- Born: March 1901 Manhattan, New York, U.S.
- Died: May 26, 1971 (aged 70) Oyster Bay, New York, U.S.
- Education: Princeton University
- Alma mater: United States Naval Academy
- Occupation: Businessman
- Children: William Robertson Coe II Michael D. Coe
- Parent(s): William Robertson Coe Mai Huttleston Rogers Coe
- Relatives: Henry Huttleston Rogers (grandfather)

= William Rogers Coe =

American banker and railroad executive

William Rogers Coe (March 1901 – May 26, 1971) was an American banker and railroad executive.

==Early life==
William Rogers Coe was born in March 1901 in Manhattan. He was the first of four children born to Mai Huttleston Rogers Coe and William Robertson Coe. His younger siblings included Robert Douglas Coe (who served as the U.S. Ambassador to Denmark), philanthropist Henry Huttleston Rogers Coe, and Natalie Mai Coe who became the Countess Vitetti after she married Commendatore Leonardo Vitetti, the Italian Ambassador to France.

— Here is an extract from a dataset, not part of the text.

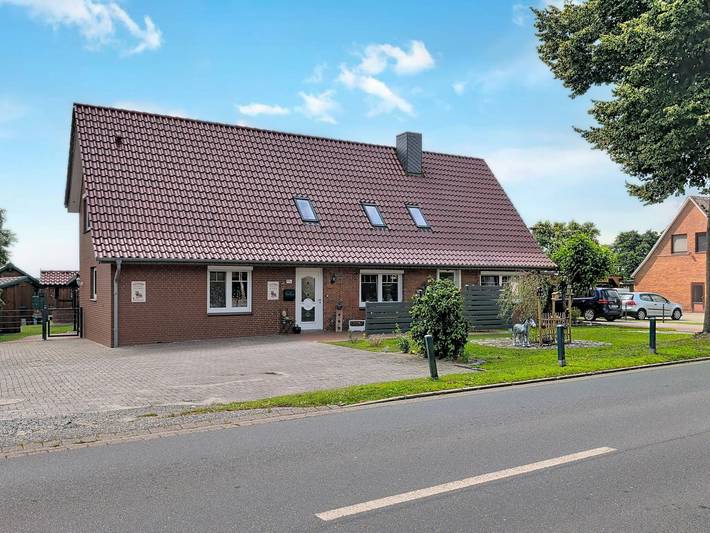 Ferienwohnung für 6 Personen, mit Terrasse und Garten in Wanna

He was educated at St. Paul's School in Concord, New Hampshire. He then attended Princeton University and the United States Naval Academy.

==Career==

He followed his father into the railway business. Eventually, he became Vice-President and Treasurer of the Virginian Railway Company, the railroad that his grandfather, Henry Huttleston Rogers had built. He also served as a board member of the East River Savings Bank and First National Bank of New York and a director of the Long Island Lighting Company and the Brooklyn Union Gas Company.

==Personal life==
In 1923, Coe was married to twenty year old designer Clover Simonton, a daughter of Thomas C. Simonton. After their marriage, they lived nearby in Glen Cove, New York and later, Mill Neck, New York. Like his father, William Robertson Coe, William Rogers Coe had strong horticultural interests, and was a noted raiser of azaleas and rhododendrons, often exhibiting at flower shows. Together, they had two sons:

- William Robertson Coe II (1926–2009), an archaeologist who became a Mayanist scholar.
- Michael D. Coe (1929-2019), an archaeologist, anthropologist, epigrapher and author.

He served as the president of The Coe Foundation, the Planting Fields Foundation and served for many years as the chairman of the board of the New York Horticultural Society.

Coe died in Oyster Bay, New York on May 26, 1971.